As Robert Ruark said in The Old Man and the Boy, "I had a gun with me and the gun was loaded. I suppose it would have fired if the thought had occurred to me to pull the trigger. The thought never occurred."

After he was gone, of course, I remembered why I was there... to kill a buck deer. My fervent and oft-repeated prayers for his return went unanswered, though, and so it fell to me to tell the guys, all older and all "blooded," of my misfortune. They all understood, but that didn't help the sick feeling in my guts... much.

The next year, I was back in the same place on opening day. Someone else got a buck not far from where we were hunting - I can still see it, steaming in the early-morning fog - but we saw no deer.

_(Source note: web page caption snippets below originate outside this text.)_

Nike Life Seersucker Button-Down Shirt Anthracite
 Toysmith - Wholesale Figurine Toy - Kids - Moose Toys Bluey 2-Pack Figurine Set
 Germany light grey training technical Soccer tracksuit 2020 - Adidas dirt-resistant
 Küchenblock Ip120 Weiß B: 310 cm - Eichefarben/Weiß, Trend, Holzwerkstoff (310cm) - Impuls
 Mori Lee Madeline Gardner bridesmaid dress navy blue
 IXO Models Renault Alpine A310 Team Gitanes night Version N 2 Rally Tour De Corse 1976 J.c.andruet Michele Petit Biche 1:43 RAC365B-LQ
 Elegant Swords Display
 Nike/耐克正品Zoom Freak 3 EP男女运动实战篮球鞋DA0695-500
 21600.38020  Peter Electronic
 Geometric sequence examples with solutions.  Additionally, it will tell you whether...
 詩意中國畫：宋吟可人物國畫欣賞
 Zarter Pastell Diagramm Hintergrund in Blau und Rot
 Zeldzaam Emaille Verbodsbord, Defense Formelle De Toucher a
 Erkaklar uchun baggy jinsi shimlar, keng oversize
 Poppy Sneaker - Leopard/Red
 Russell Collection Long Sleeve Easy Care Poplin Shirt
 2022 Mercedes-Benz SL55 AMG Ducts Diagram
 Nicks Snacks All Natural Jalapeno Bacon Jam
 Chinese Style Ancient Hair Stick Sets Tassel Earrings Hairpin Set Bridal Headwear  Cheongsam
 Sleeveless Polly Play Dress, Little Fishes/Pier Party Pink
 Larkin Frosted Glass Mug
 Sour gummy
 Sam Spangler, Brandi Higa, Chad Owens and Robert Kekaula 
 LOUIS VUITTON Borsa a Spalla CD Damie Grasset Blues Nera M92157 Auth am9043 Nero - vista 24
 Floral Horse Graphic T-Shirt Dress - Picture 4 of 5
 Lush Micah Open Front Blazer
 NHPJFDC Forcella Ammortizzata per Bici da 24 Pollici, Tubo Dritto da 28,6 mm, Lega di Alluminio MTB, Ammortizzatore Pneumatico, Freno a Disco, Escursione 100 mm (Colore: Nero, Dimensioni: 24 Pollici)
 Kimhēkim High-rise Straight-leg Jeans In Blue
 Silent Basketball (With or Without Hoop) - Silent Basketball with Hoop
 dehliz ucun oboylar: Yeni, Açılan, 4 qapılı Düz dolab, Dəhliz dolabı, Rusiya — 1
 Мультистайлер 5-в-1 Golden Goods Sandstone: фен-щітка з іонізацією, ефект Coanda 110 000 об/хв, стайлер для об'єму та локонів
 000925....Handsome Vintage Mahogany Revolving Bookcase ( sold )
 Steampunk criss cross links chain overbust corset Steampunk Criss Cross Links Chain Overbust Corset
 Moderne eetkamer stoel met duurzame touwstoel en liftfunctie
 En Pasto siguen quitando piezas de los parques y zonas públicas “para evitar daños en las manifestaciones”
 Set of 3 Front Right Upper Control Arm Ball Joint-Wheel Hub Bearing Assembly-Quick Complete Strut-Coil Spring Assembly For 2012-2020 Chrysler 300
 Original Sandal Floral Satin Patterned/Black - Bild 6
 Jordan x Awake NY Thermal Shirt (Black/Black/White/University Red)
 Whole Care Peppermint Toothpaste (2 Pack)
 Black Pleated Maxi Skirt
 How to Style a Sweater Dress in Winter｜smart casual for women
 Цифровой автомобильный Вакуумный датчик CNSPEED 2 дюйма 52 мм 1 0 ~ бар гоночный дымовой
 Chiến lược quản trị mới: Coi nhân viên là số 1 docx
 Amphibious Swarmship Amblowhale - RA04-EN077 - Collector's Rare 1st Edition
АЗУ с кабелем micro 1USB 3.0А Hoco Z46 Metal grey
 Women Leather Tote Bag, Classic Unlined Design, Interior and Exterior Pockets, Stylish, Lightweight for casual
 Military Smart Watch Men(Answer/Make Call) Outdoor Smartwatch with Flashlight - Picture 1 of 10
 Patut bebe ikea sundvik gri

A new course was in order. Dad and I relocated that afternoon, on Art's advice, to a place closer to camp. Dad set up, and I took the faithful old Chevy on through the clearcut until I found what I considered a likely spot. When I got my climbing stand into the woods (the same stand Art had given me when I was thirteen) I had a heckuva time with it.

The nuts and bolts had rusted, since I hadn't used it in almost a year. I had to break out the pliers and screwdriver, and I wound up making a lot of noise before I got settled, up in a shortleaf pine tree. I thought to myself, kind of frustrated, "It's going to be a while before things settle down and I might see something."

Along about that time, I heard something behind me. I twisted around to take a look, and it was a deer! Not just any deer, but a young buck - a legal buck! I turned back around when he had his head down to feed, twisted my body the other way so I could shoot, and fired. To fall back on Ruark once more, "The gun said boom! but I didn't hear it. The gun kicked but I didn't feel it." The little Ruger 44 magnum carbine had done its job well.

I got that buck back to the truck on pure adrenaline, after taking some time to admire him and to wonder at the blessing I had received. I bounced up to Dad's spot, jumped out of the truck as he came out of his stand, and bear-hugged him so hard that he still swears I broke a couple of his ribs. Art showed up soon after. We shared a look that spoke volumes, and as I shook his hand, I said "Thanks." We both knew what it meant; it involved a lot of years and an understanding we had. Richard wasn't there that weekend, but he deserves some credit here, too.

There's something about men that will treat a boy as an equal that sets them apart. In many ways, the years leading up to my first deer were my first real lesson in manhood. It's not about killing deer or anything like that... it goes much, much deeper. My first real close friends were grown men, who taught me how to be one myself. I just hope I turn out to be half the man those men taught me to be, in their own unselfish way.

Yep. That tired old saying about third times is just plain wrong. It's the first time that's the charm.